Nicholas Craven abides by a formula that has seen him become a traditionalist’s ideal producer. Emboldened by the last decade’s wave of revivalist East Coast rap, he builds from the blueprints of the mid-‘90s and reinterprets them to deftly balance grit with grandeur, allowing a murderer’s row of post-boom bap raconteurs to shine. Despite some sumptuous instrumental tapes, including an early career trilogy steered by Françoise Hardy’s enchanting alto, he’s always preferred collaborative art over solo projects. Simply put, Craven just wants to cement his legacy as the go-to beatmaker for the sharpest MCs around.

Ever since he formed a punk band back in elementary school, Craven’s always maintained a studious passion for making music. His formative years growing up in Gatineau — a small city in Western Quebec — saw him enroll in countless lessons, concoct riffs and melodies for his group, and dedicate hours listening to albums by Jimi Hendrix, The Doors, and other rock acts from the ‘70s onwards. It wasn’t until he became a teenager that he got into hip hop via a friend’s older brother, who introduced him to Ghostface and Raekwon and showed him how to create the type of beats that his new favorites rapped to. From there, he would dig into the crates and dissect at least five records a day, ranging from ‘60s soul to French chanson, and explore ways he could infuse them into his own music. Given his home province’s multi-cultural makeup, he’d also be exposed to sounds from all over the world, experimenting with samples from Lebanese folk to Algerian rai.

It was through linkups with like-minded local rappers upon moving to Montreal in the early 2010s that Craven developed a fondness for beats heavy on samples but light on drums.

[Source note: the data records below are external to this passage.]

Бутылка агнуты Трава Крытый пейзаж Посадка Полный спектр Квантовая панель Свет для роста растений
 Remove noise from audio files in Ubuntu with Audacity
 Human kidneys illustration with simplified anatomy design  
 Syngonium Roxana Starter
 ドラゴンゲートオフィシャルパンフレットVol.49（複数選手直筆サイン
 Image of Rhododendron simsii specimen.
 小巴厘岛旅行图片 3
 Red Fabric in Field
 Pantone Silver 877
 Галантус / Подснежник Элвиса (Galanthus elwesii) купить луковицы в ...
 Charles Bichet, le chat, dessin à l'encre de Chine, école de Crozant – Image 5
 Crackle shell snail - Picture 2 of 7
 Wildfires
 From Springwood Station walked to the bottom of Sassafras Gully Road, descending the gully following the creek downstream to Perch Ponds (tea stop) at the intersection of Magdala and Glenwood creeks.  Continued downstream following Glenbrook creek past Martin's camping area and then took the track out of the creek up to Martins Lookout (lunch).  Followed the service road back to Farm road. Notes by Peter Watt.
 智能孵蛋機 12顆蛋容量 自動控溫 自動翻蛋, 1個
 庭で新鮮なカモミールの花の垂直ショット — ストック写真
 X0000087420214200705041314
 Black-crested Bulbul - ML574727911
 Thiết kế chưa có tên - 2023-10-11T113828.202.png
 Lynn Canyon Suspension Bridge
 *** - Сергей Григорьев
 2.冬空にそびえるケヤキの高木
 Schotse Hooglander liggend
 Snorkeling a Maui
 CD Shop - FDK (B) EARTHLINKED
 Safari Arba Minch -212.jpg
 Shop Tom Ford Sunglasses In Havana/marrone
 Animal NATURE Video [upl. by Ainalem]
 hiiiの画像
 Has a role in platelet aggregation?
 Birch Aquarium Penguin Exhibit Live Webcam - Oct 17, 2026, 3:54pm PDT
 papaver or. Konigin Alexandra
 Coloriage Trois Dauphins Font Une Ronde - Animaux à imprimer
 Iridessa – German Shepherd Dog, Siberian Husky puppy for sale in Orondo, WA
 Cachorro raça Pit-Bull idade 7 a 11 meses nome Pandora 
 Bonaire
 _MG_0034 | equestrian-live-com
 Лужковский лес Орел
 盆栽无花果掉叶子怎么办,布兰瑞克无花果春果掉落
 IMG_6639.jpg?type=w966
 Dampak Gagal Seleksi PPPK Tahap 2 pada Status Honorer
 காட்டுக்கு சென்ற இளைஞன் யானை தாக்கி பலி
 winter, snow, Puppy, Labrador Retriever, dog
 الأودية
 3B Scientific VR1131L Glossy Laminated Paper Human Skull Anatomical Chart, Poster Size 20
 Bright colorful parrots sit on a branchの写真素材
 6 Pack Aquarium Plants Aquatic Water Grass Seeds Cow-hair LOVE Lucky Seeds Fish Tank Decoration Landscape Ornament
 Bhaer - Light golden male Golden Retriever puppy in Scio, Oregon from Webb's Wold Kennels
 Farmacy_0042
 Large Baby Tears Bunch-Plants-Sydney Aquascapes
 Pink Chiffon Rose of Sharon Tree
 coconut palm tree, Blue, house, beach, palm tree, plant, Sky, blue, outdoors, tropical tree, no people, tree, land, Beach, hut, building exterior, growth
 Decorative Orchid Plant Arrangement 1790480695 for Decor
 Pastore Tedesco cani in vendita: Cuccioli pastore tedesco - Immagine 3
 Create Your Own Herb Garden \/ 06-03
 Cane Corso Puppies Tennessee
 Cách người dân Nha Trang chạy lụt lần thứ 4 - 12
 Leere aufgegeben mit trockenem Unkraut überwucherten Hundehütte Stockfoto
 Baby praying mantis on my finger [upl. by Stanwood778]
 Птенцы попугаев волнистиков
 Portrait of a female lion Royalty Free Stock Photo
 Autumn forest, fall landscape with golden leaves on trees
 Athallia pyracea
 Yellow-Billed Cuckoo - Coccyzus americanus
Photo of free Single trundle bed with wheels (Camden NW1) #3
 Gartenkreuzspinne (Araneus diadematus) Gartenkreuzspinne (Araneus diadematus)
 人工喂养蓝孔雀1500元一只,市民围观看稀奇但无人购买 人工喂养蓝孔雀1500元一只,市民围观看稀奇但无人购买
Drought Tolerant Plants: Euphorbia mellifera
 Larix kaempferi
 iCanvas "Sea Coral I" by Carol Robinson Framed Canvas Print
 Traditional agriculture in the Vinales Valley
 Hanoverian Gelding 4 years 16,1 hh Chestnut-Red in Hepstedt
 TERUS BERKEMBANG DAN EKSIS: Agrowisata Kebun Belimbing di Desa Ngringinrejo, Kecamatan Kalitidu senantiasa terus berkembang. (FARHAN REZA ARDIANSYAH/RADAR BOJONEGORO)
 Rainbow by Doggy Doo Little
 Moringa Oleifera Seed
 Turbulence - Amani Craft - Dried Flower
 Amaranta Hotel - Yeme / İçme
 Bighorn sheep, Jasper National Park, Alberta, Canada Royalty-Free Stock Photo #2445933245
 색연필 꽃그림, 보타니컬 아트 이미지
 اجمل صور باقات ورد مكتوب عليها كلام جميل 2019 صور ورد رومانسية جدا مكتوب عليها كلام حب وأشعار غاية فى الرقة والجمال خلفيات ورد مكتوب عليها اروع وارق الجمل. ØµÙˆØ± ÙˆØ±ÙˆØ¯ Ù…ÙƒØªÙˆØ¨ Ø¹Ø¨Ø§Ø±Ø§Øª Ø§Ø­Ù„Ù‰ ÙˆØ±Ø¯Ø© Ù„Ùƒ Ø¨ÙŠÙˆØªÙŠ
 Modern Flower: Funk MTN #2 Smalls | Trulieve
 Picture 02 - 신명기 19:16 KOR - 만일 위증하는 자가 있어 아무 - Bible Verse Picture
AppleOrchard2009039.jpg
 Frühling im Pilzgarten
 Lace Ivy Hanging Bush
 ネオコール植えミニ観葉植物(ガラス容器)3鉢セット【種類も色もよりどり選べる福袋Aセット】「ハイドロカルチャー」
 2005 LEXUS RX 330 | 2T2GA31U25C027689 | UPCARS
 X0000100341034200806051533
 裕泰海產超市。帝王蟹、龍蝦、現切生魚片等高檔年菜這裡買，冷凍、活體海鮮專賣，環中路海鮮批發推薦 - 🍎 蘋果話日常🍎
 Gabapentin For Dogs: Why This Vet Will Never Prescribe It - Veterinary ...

His woozy style owes as much to the Charles Aznavour and the Motown that he heard growing up as it does to Only Built for Cuban Linx and Donuts. Splicing together stripped-down blues and jazz loops with chopped-up luxe soul, his symphonic sound became synonymous with cinematic street rap. His production is the soundtrack to 2 a.m. laments with Courvoisier and cigarettes, suspicious stares on a cold winter night, or long drives down winding roads.

Tha God Fahim was the first rapper south of the Canada-US border to acknowledge Craven’s talents, having been one of several underground names originally sent beat packs from the then-unknown producer. He would later discard his strategy of mailing burnt CDs to labels like Stones Throw and then switch to deliberately targeting indie favorites such as Hus Kingpin and a pre-mainstream Griselda, leading to some major online buzz. The Dump Gawd eventually opened doors to the rest of his stylistic peers, as Your Old Droog’s intricate punchlines and Mach-Hommy’s cryptic hieroglyphs found another backdrop to flesh out their complex narratives. More recently, artists as varied as Armand Hammer, Navy Blue, and Ransom got Craven to score some of their finest work, and a nostalgic appreciation for the mid-2000s’ mixtape age led him to produce tracks for Planet Asia, Styles P, and Evidence.

Craven’s melodious homages prove that he’s more than a capable heir to the neo-classical nihilism pioneered by Roc Marciano over a decade ago. As his stock continues to rise, let’s dive into some choice cuts produced by one of my favorite composers today:


Tha God Fahim – “Nosferatu”


Prior to carving out his own path with the Dump Gawds, Fahim was riding with Griselda around the time this 2016 loosie was released. The claustrophobic “Nosferatu” fits within the collective’s grimy aesthetic, with Fahim spraying machine gun raps all over Craven’s wraithlike beat that treads a fine line between soulful and sinister. The track also kick-started a long and fruitful alliance between the pair, with Craven most notably behind the boards for Fahim’s acclaimed Dump Gawd: Shot Clock King series.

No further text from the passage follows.